In Fitzpatrick, our highest court reviewed a decision by the Fifth District Court of Appeal that required the disqualification of the entire State Attorney's Office for the Seventh Judicial Circuit. 464 So.2d 1185 (Fla. 1985). In quashing the Fifth District's decision, the Supreme Court held as follows:
In the instant case, the trial court found that confidential communications transpired between the attorney and Fitzpatrick, and it is undisputed that these communications related to the criminal case that is currently being prosecuted. We find, however, that imputed disqualification of the entire state attorney's office is unnecessary when the record establishes that the disqualified attorney has neither provided prejudicial information relating to the pending criminal charge nor has personally assisted, in any capacity, in the prosecution of the charge.Id. at 1188.
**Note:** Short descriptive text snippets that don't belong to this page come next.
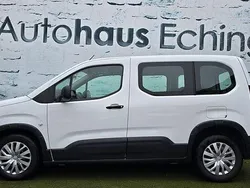 Weiß Gebraucht 2020 Peugeot Rifter Access Van / Kleinbus | 16.850 € (Guter Preis)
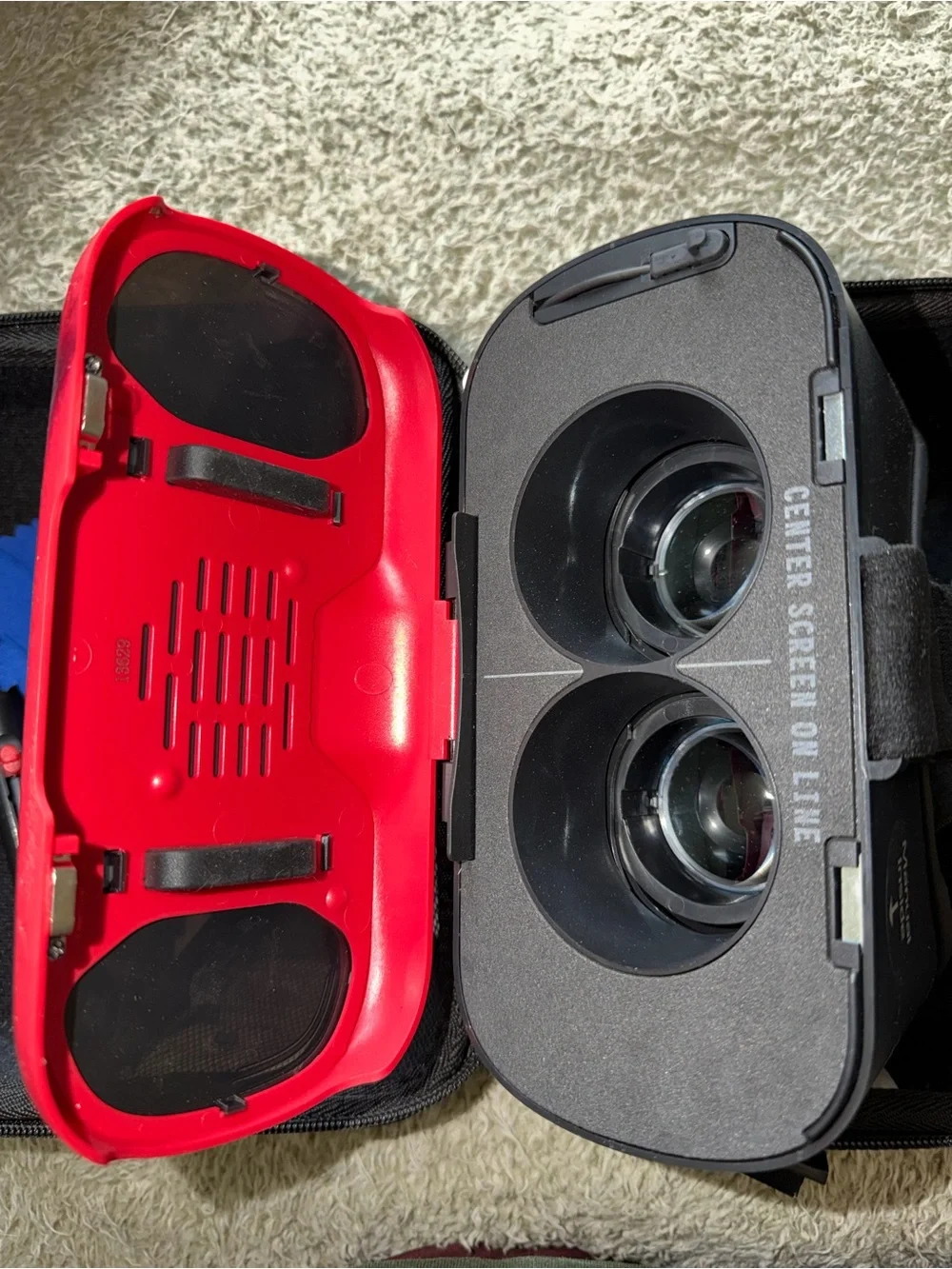 Tzumi Dream Vision SmartTheater VR headset - gently used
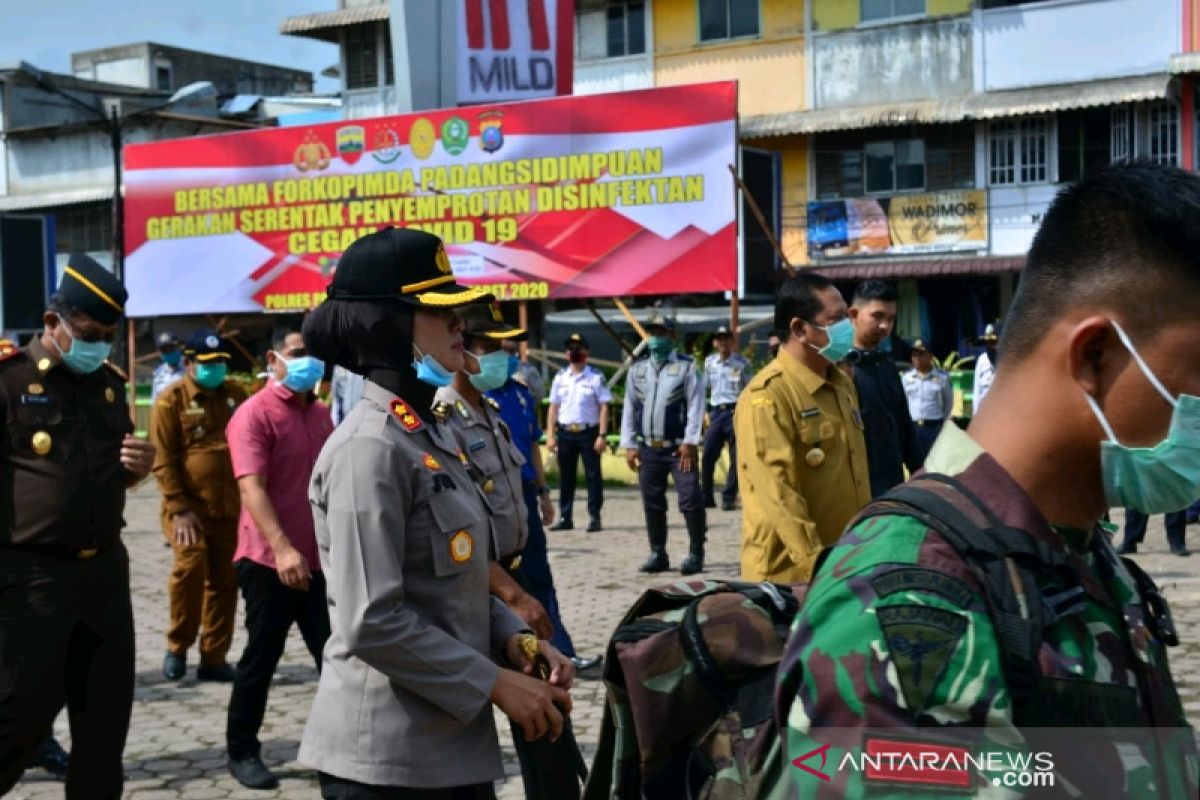 Forkompinda kembali lakukan penyemprotan disinfektan di enam titik Padangsidimpuan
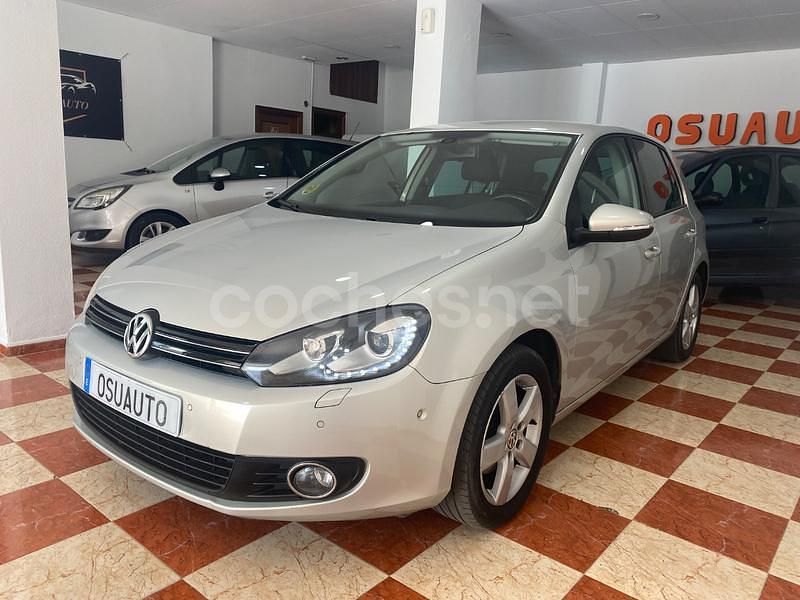 Gris / plata Usado 2011 VW Golf VI Sport Berlina | 8900 € (Precio justo) - Imagen 1/4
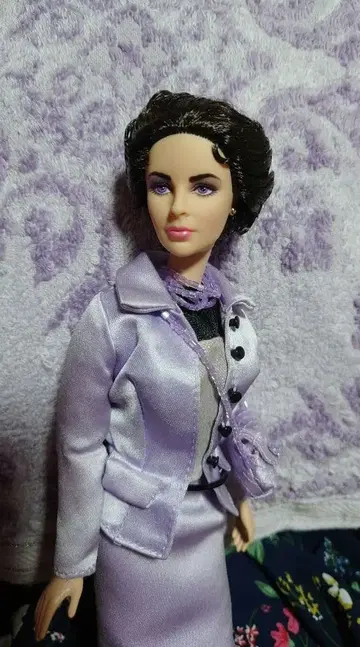 엘리자베스 테일러 바비 인형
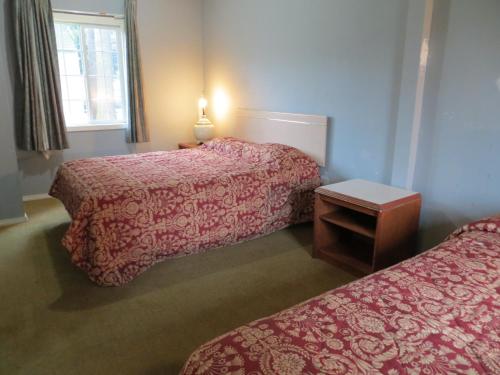 Madison Suites Motel - photo 2
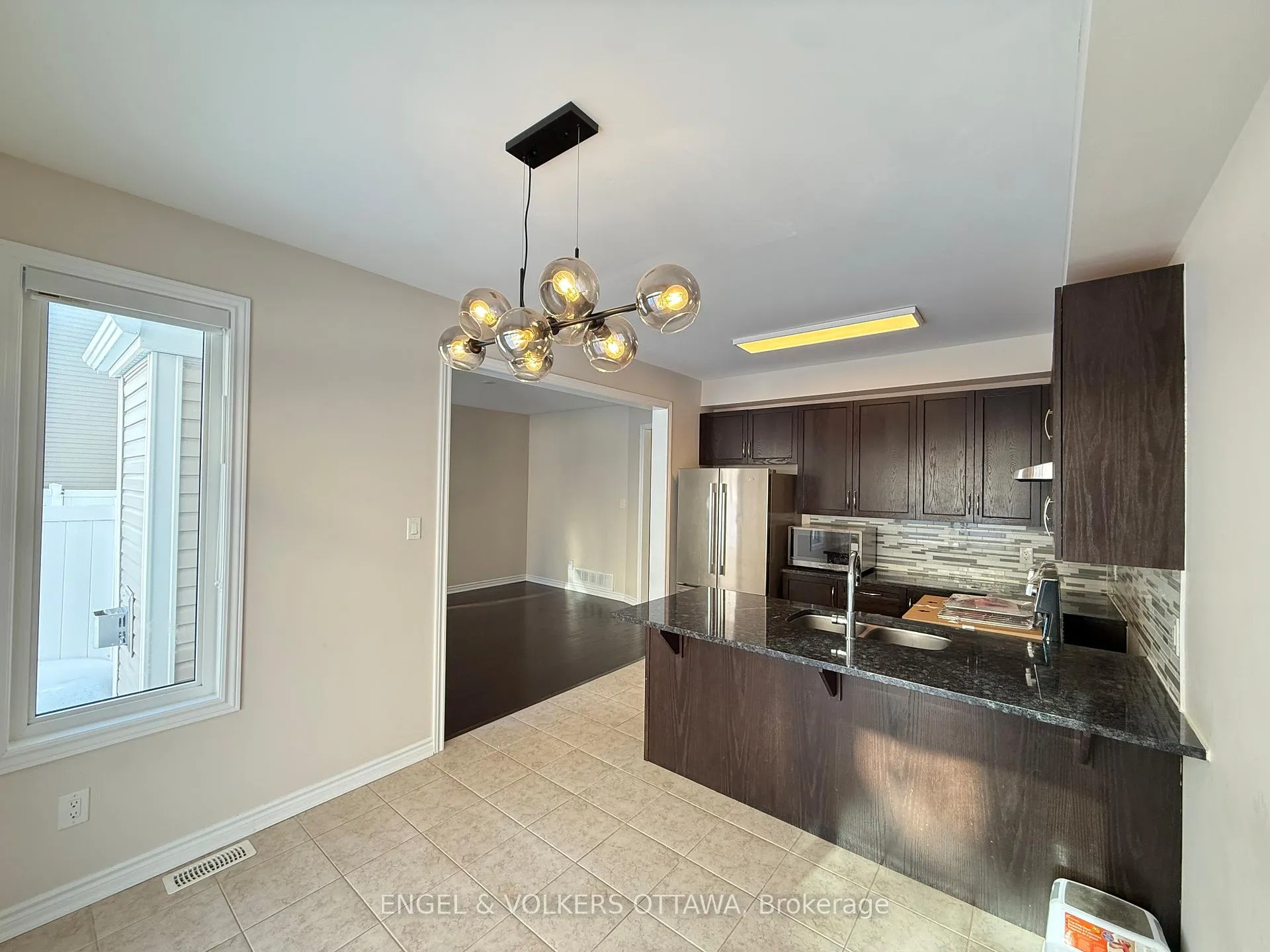 Photo 10 of 611 Silver Spruce Way, Ottawa, Kanata - Emerald Meadows/Trailwest — HOMEH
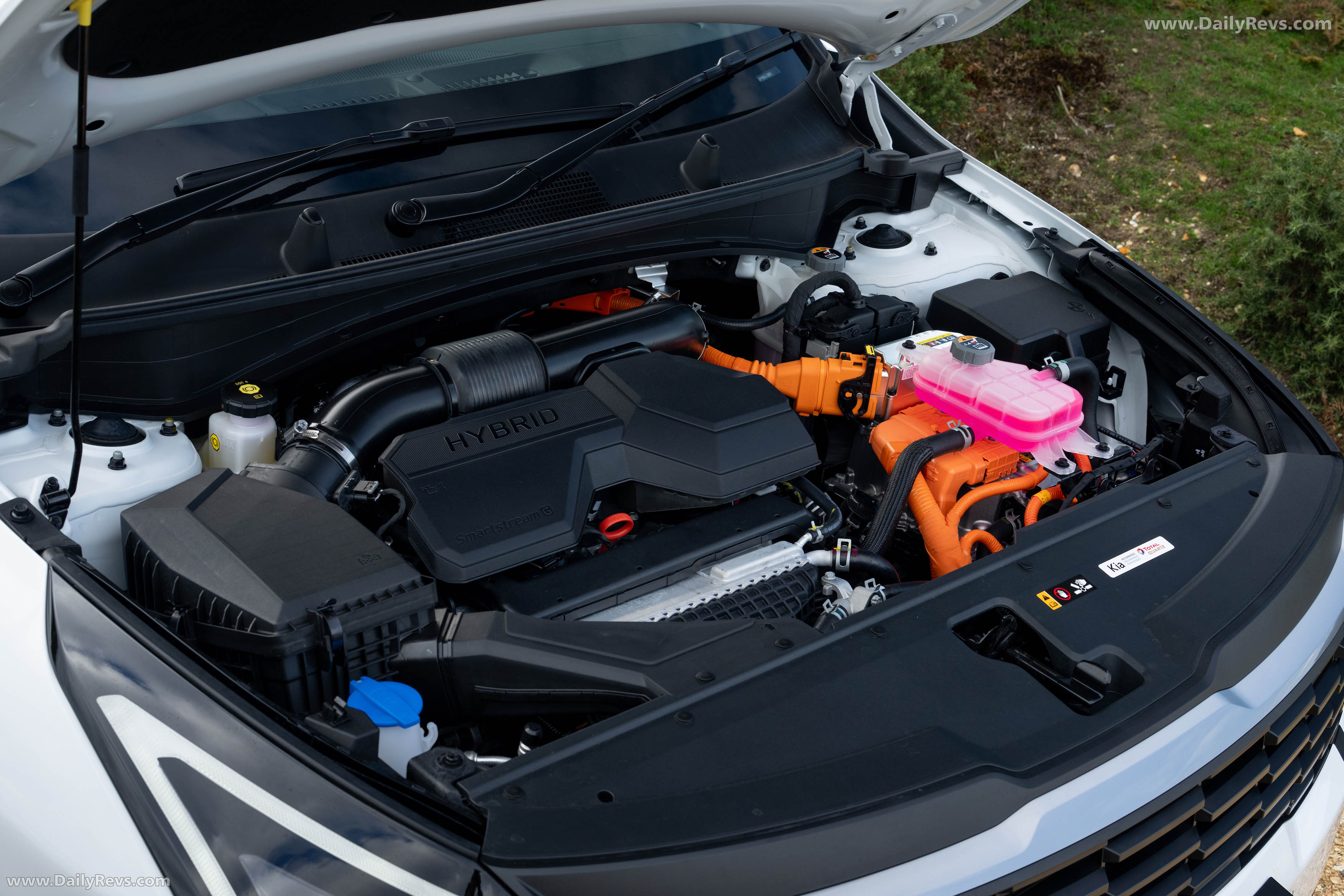 2026 Kia Sportage HEV UK Version Engine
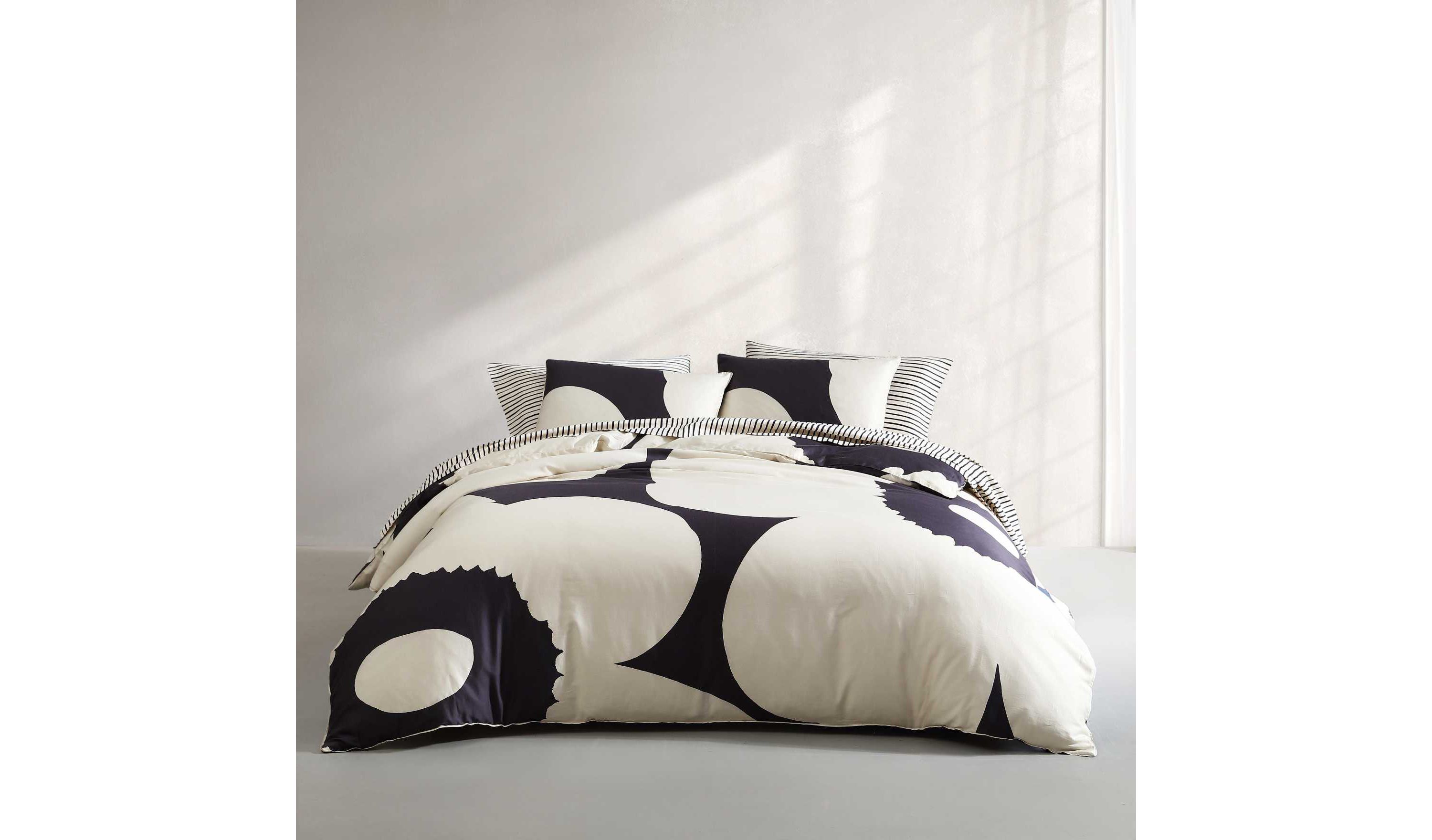 Iso Unikko Cotton Duvet Cover Set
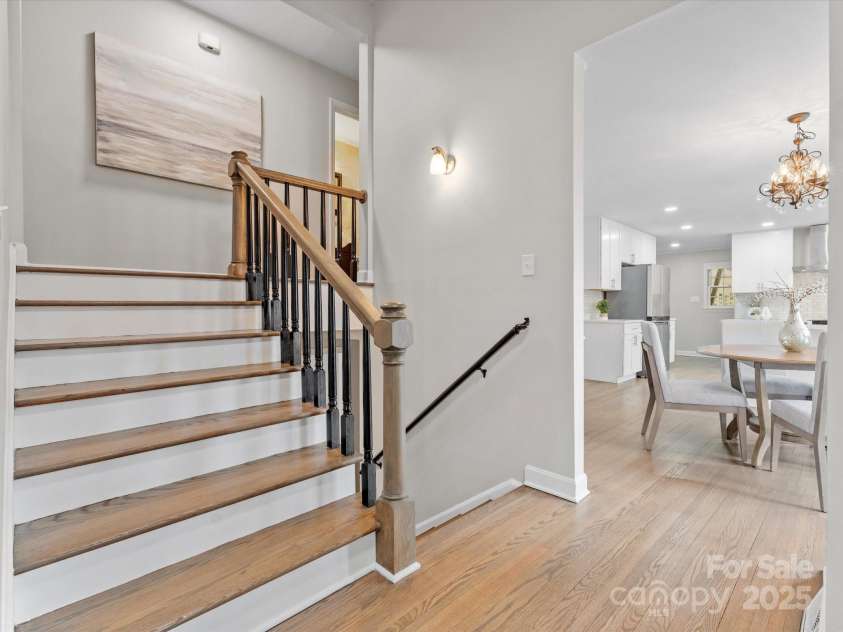 122 Lansdowne Road, Charlotte, NC 28270.  MLS# CAR4220495, YatesRealty ID 17041. 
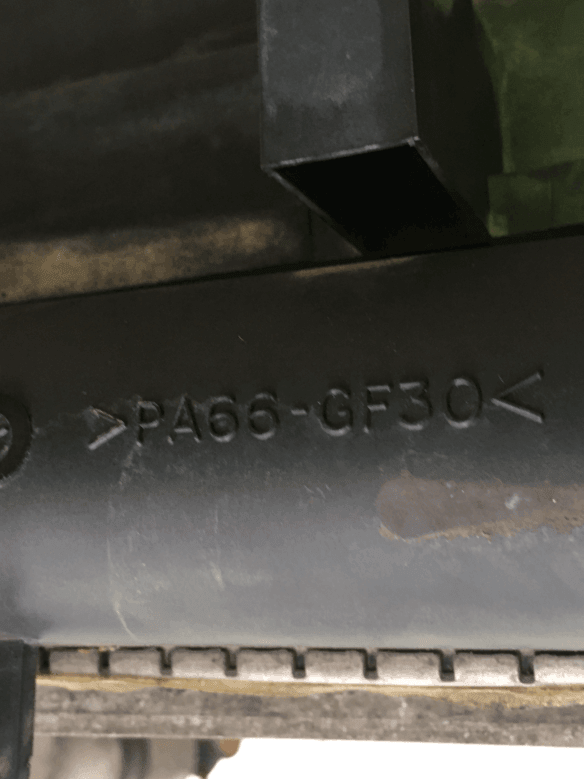 Radiador A/C Nissan Frontier II - 92100EB01A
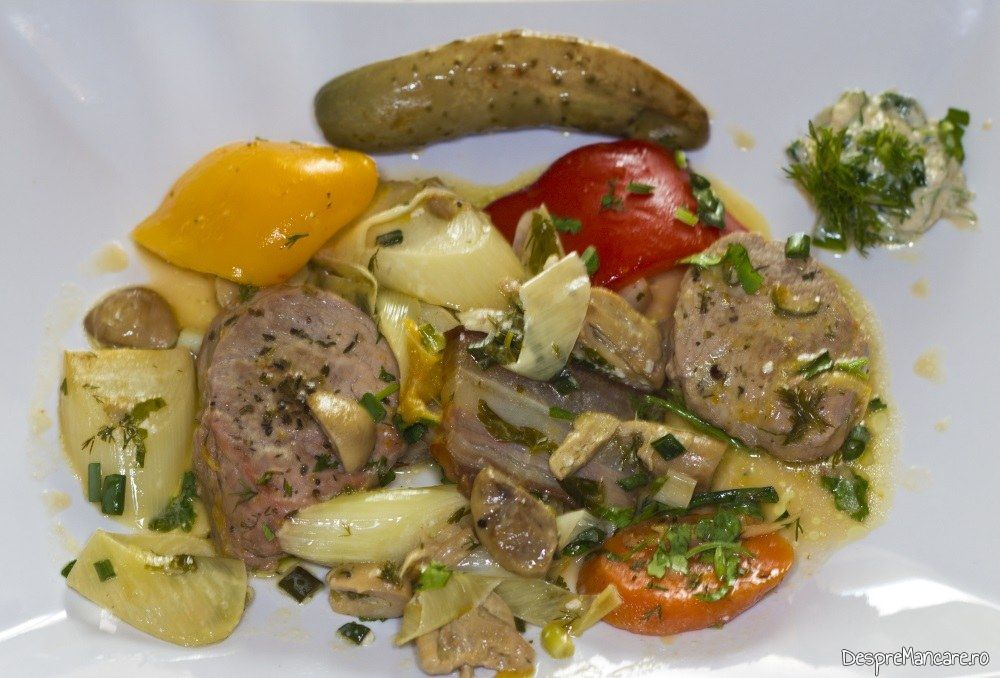 muschiulet de porc cu legume si ciuperci la tigaie in sos de smantana 17 Copy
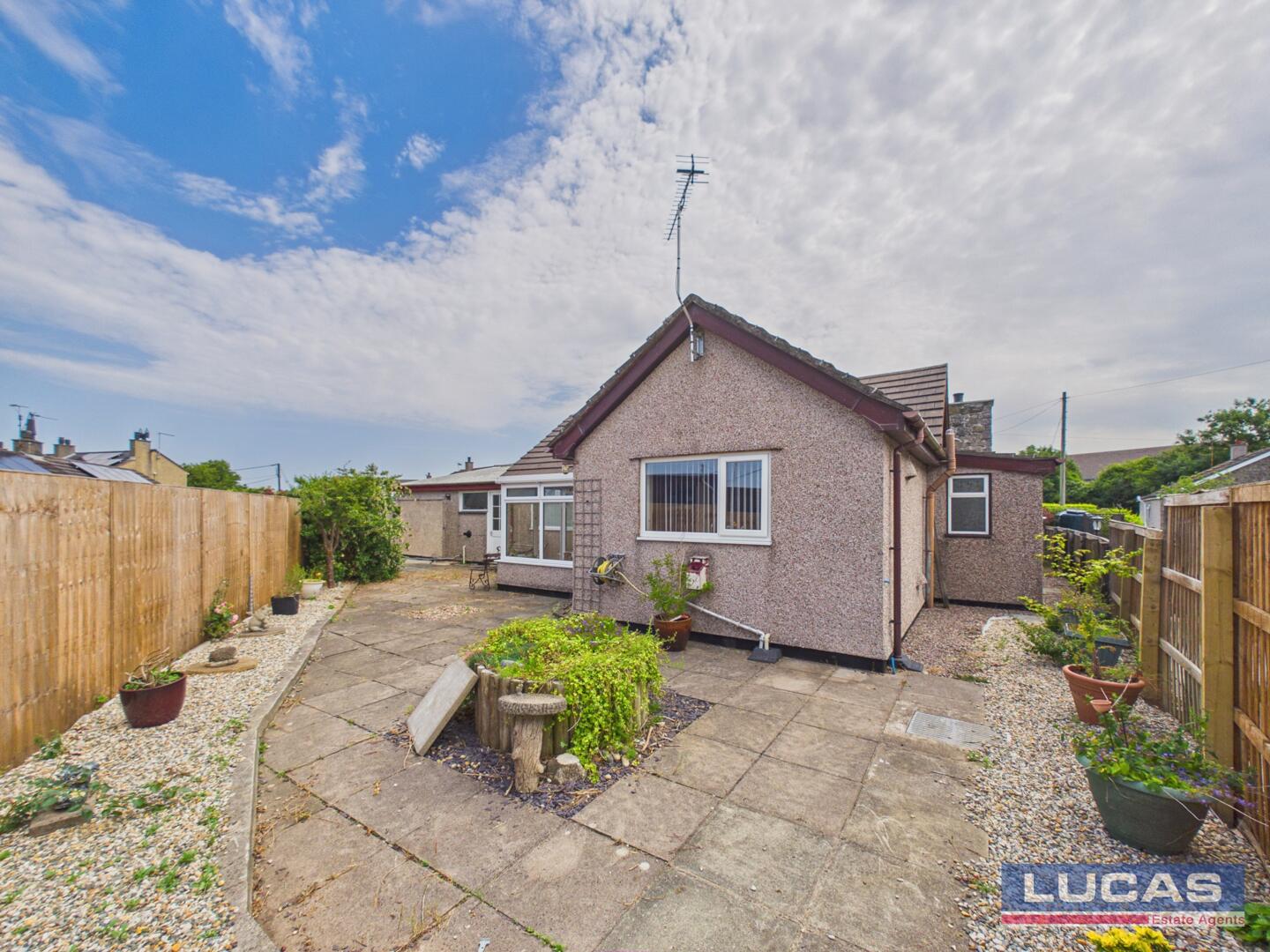 Garth Drive, Gaerwen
We have previously held that "[w]here the rule established by Fitzpatrick prohibiting the disqualified attorney from 'personally assist[ing], in any capacity, in the prosecution of the charge, ' . . . is violated, disqualification of the entire state attorney's office is appropriate." Popejoy v. State, 597 So.2d 335, 336 (Fla. 3d DCA 1992) (quoting Castro v. State, 597 So.2d 259, 261 (Fla. 3d DCA 1985)).
Neither McMahon's nor Minner's motions are sworn motions, and the State, in its response to the two Petitions, has not conceded the truth of the allegations in either motion. Indeed, the State argues that the absence of any sworn evidence is fatal to the motions below and the Petitions here. Further, Mr. Moses appears to dispute any allegation that he was "involved" in these cases, telling the judge at the hearing: "I haven't touched these cases in any prosecutorial nature since I've had them."
Because there are factual issues that remain in dispute and require resolution, we grant the Petitions in both cases and quash the orders denying disqualification of the entire Monroe County SAO. Cf. Knespler v. State, 314 So.3d 287, 290 (Fla. 3d DCA 2020) (concluding that the trial court did not abuse its discretion in denying Knespler's motion to disqualify the entire Monroe County SAO where the unrefuted testimony established that the attorney sought to be disqualified had not provided any confidential information gained from the defendant to anyone in the entire Monroe County SAO and had not assisted in any capacity in the prosecution of the defendant's case).
Petitions granted. Orders quashed.
We stop short of remanding with instructions because these cases are before us on certiorari review. See, e.g., Piquet v. Clareway Props. Ltd., 314 So.3d 423, 428 (Fla. 3d DCA 2020) ("[T]his Court's authority, on certiorari review, is limited to quashing the lower court's order."); Gulf Oil Realty Co. v. Windhover Ass'n, Inc., 403 So.2d 476, 478 (Fla. 5th DCA 1981) ("[W]hen an appellate court reviews a lower court order, there is a procedural distinction between review by certiorari and review by appeal. On appeal, an appellate court has authority to reverse an order or judgment and remand with directions or instructions for the trial court to follow. However, after review by certiorari, an appellate court can only quash the lower court order; it has no authority to direct the lower court to enter contrary orders.").